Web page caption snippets
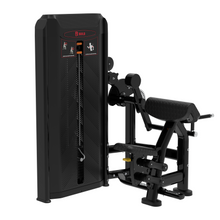 Load image into Gallery viewer, CTX Home Gyms BUILD Fractal Series Bicep / Tricep (New)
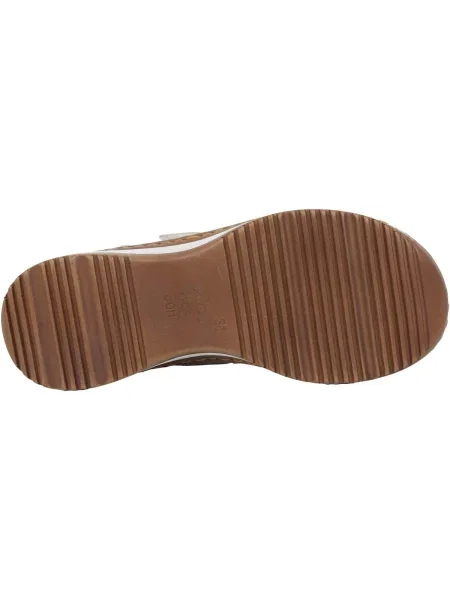 Pantofi Ara tip Hawaii alb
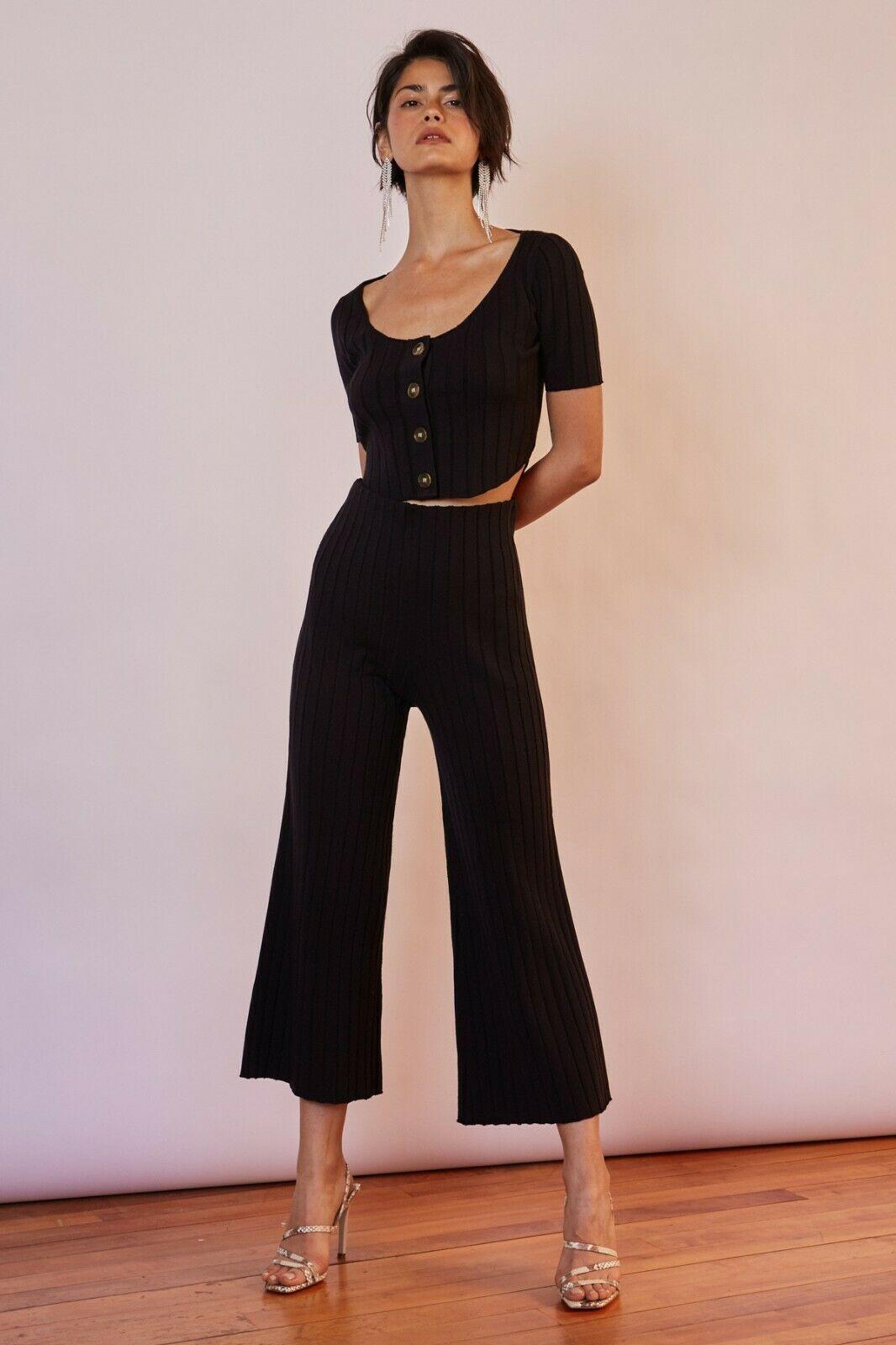 West Coast Knit Culotte and Top Set photo 3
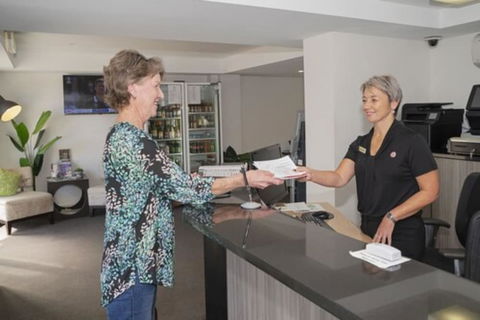 City Golf Club Motel - Surfers Gold Coast 5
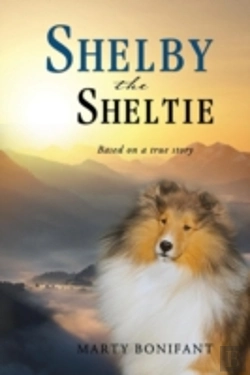 Bertrand.pt - Shelby The Sheltie - 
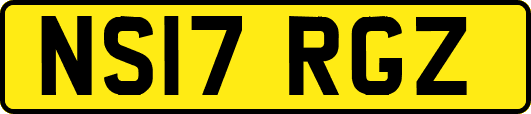 NS17RGZ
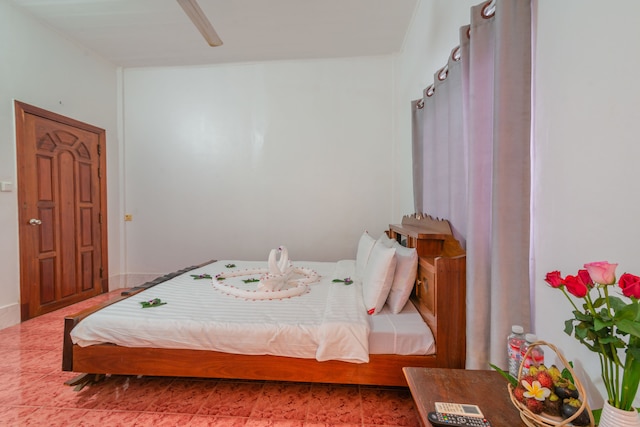 ファイブ ローズ シェム リアップ ホステル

● **EXERCISE DETAILS**
Each line of the data above must be reproduced as written. Skip the pictures.

● **RESULT OF THIS TASK**
 Load image into Gallery viewer, CTX Home Gyms BUILD Fractal Series Bicep / Tricep (New)
 Pantofi Ara tip Hawaii alb
 West Coast Knit Culotte and Top Set photo 3
 City Golf Club Motel - Surfers Gold Coast 5
 Bertrand.pt - Shelby The Sheltie - 
 NS17RGZ
 ファイブ ローズ シェム リアップ ホステル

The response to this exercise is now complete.